The study included 18 children who completed 12 months of dosing. One group (11 children) received the liquid peanut concentration, which was held under the tongue for one or two minutes and then swallowed.

The other group (seven children) received the placebo. The dose started at 0.25 micrograms of peanut protein administered in clinic and was increased biweekly by 25 to 100 percent until 2,000 micrograms was reached. In the time between the biweekly doses in the clinic, the children took daily doses of the previously administered dose at home. The 2,000 microgram dose was continued for six months.

After a year of dosing, the children on treatment tolerated significantly more peanuts when they were challenged. They tolerated the equivalent of six to seven peanuts compared to those that received placebo and tolerated less than one peanut.

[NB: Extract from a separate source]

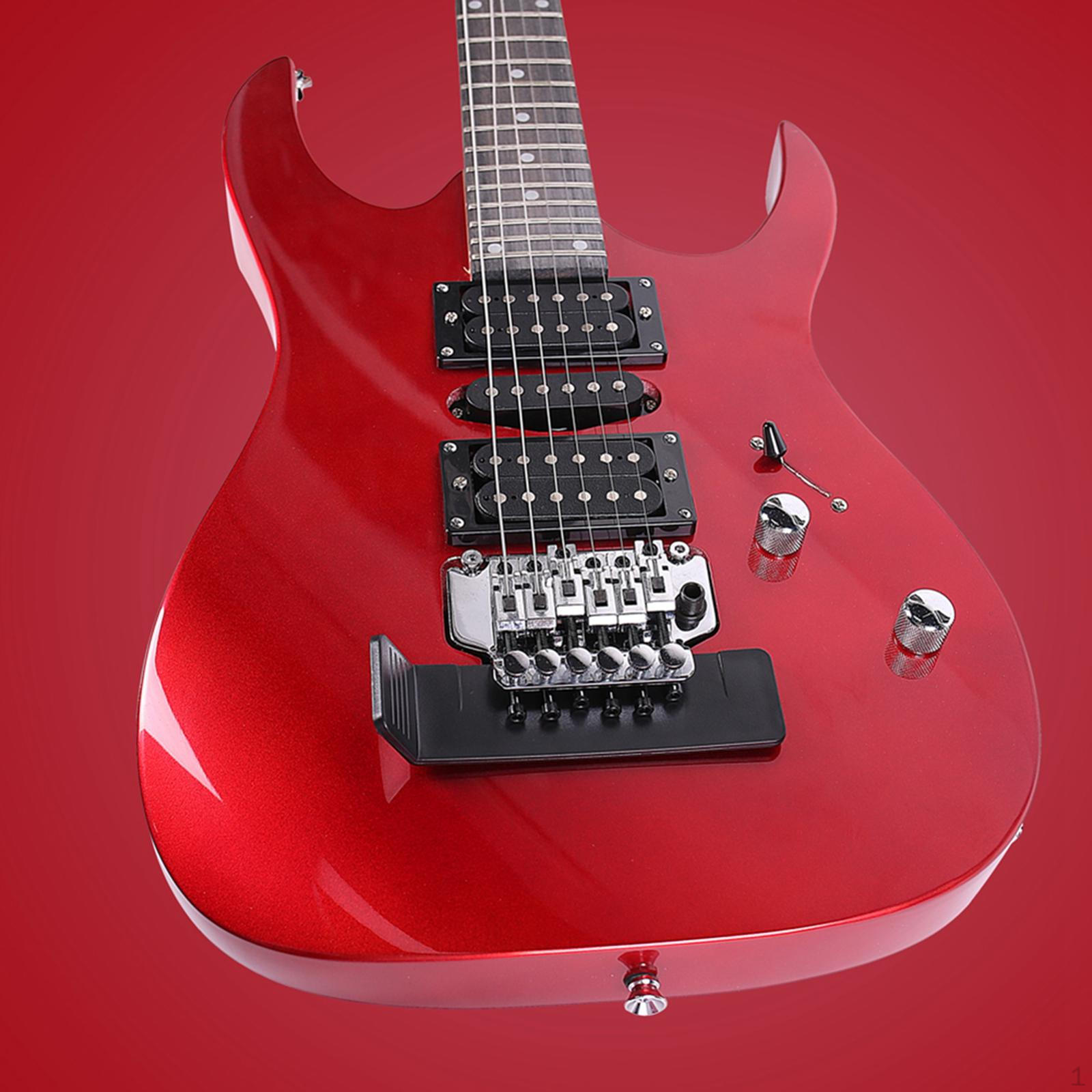 Floating Tremolo Bridge Shim Block Wedge Sturdy Supplies for Guitar Repair Easy Adjustment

“We were able to raise the threshold for the amount of peanuts these kids could tolerate,” Burks said. “But, we are not ready to take this approach to clinical practice,” he cautioned. “It’s not a long-term cure. That part of the process is still being studied now.”

Those that were on treatment are continuing and those that were on placebo have entered the treatment phase. Both groups will be followed three or four more years to determine if it’s feasible to eliminate their allergy.

“The good news is we have successfully helped these kids tolerate about five peanuts and that means accidental ingestion is less of a hazard,” Burks said. “Most kids with peanut allergies are not going to accidentally eat five peanuts and most reactions from accidental ingestions occur from just a trace of a peanut, well below the study groups’ new threshold.”

The study, which published online January 31, 2011 in the Journal of Allergy and Clinical Immunology, was funded by the National Institutes of Health, the American Academy of Allergy, Asthma & Immunology, and the Wallace Research Foundation.

Co-authors of the study include Edwin H. Kim, J. Andrew Bird, Michael Kulis, Susan Laubach, Laurent Pons, Pamela Steele, Janet Kamilaris, and Brian Vickery, all of Duke University Medical Center, and Wayne Shreffler, of Massachusetts General Hospital.